Eliminating Cursors

  • Comments posted to this topic are about the content posted at http://www.sqlservercentral.com/columnists/kAli/eliminatingcursors.asp

  • Just a few code corrections (being pedantic), the insert won't work unless you provide the list of columns that you want to insert into....

    INSERT INTO @item_table

    (item_category_id, order_id)

    SELECT -- Same SELECT statement as that for the CURSOR

    it.item_category_id

    ,ord.order_id

    FROM dbo.item_categories it

    Also, another performance increase would be to set the @loop_counter variable to @@rowcount after you have done the insert into the table variable (depending on how many records are in the table this could increase performance several fold)

    --now populate this table with the required item category values

    DECLARE @loop_counter INT

    INSERT INTO @item_table

    (item_category_id, order_id)

    SELECT -- Same SELECT statement as that for the CURSOR

    it.item_category_id

    ,ord.order_id

    FROM dbo.item_categories it

    INNER JOIN dbo.orders ord

    ON ord.item_category_id = it.item_category_id

    WHERE ord.order_date >= '1-sep-05'

    and it.isSuspended != 1

    SET @loop_counter = @@ROWCOUNT

    DECLARE @item_category_counter INT

    Further to this can anyone give me stats on when using this method becomes more efficient than using cursors. i.e. how many records selected in the cursor, machine memory config etc. etc. etc.
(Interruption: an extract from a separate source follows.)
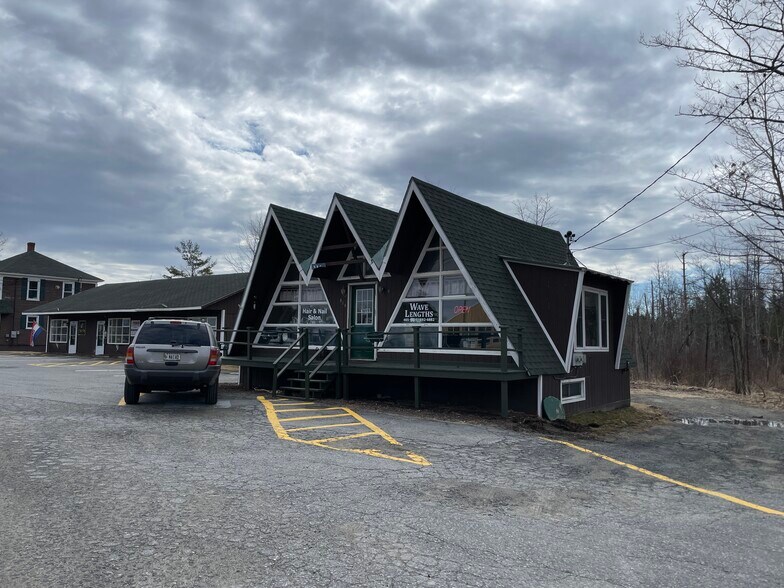 882-888 Kennedy Memorial Dr, Oakland, ME à vendre - Photo de l’immeuble – Image 3 sur 13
    I have been using cursors for years (coming from an Oracle background) and have not had problems with them!!

    Thanks

  • Although it is best practice to name columns, and especially in such article it would be advisable to do it correctly, it is not true that the insert will not work. The insert will work as it is written by the author.

    The setting of @loop_variable is done only once in the entire process, so I doubt the proposed change would increase performance several fold. But, same as Bob, I would be very interested in some closer info about why replacing cursor with a WHILE loop increases performance by 75%. The loop in example generally does the same as the cursor, iterates row after row and for each row starts some procedure... so where is the huge gain? Better use of indexes? Reused query plan?

    IMHO the main problem with cursors is, that some people tend to use them there, where it is possible to use a true set-based approach, i.e. update 1000 rows at once instead of updating one after another. I'm not that much sure about the shown example... it is one of the things where I think cursors aren't really too bad. Since I never had to use cursors, I prefer to avoid them altogether - but if you are familiar with them, this could be one of the situations where cursor is OK. I'm really curious what some of the more experienced posters will say...

  • Tks for that best article but, i have a question...

    Well, i have a lot of procedures that use cursors running in background and the server has low performance all day long.

    If we have more than 1.000.000 rows returned in my query, that stil is the best option?

    Best regards,

    Fabiano

     

  • Sorry, are you saying that cursors are the best option or loading into a table variable and then iterating through it is the best option.....

  • I have used this method for years (because I hate cursors), but does it slightly different. I use a #Temp table and then select the TOP 1 at the beginning of the loop with a delete at the end of the loop. I would recommend this method to anybody in a position that HAS to use a cursor.

    5ilverFox
    Consulting DBA / Developer
    South Africa

  • (The comments are to the author of the article)

    Have you tried to convert the cursor to a static cursor?

    Because, in my opinion, that's what you are doing with a temporary table (defining the result set "A priori"). I have seen great improvements with this simple modification DECLARE curs_name CURSOR to DECLARE curs_name CURSOR STATIC (assuming you can ignore the modifications to the original result set).

    I always try to achieve a set based solution, but if you are only trying to speedup that operation, with the least amount of change, sometimes it pays to play with the cursor options. Of course, with a temporary table, you can more easily migrate to a set based solution.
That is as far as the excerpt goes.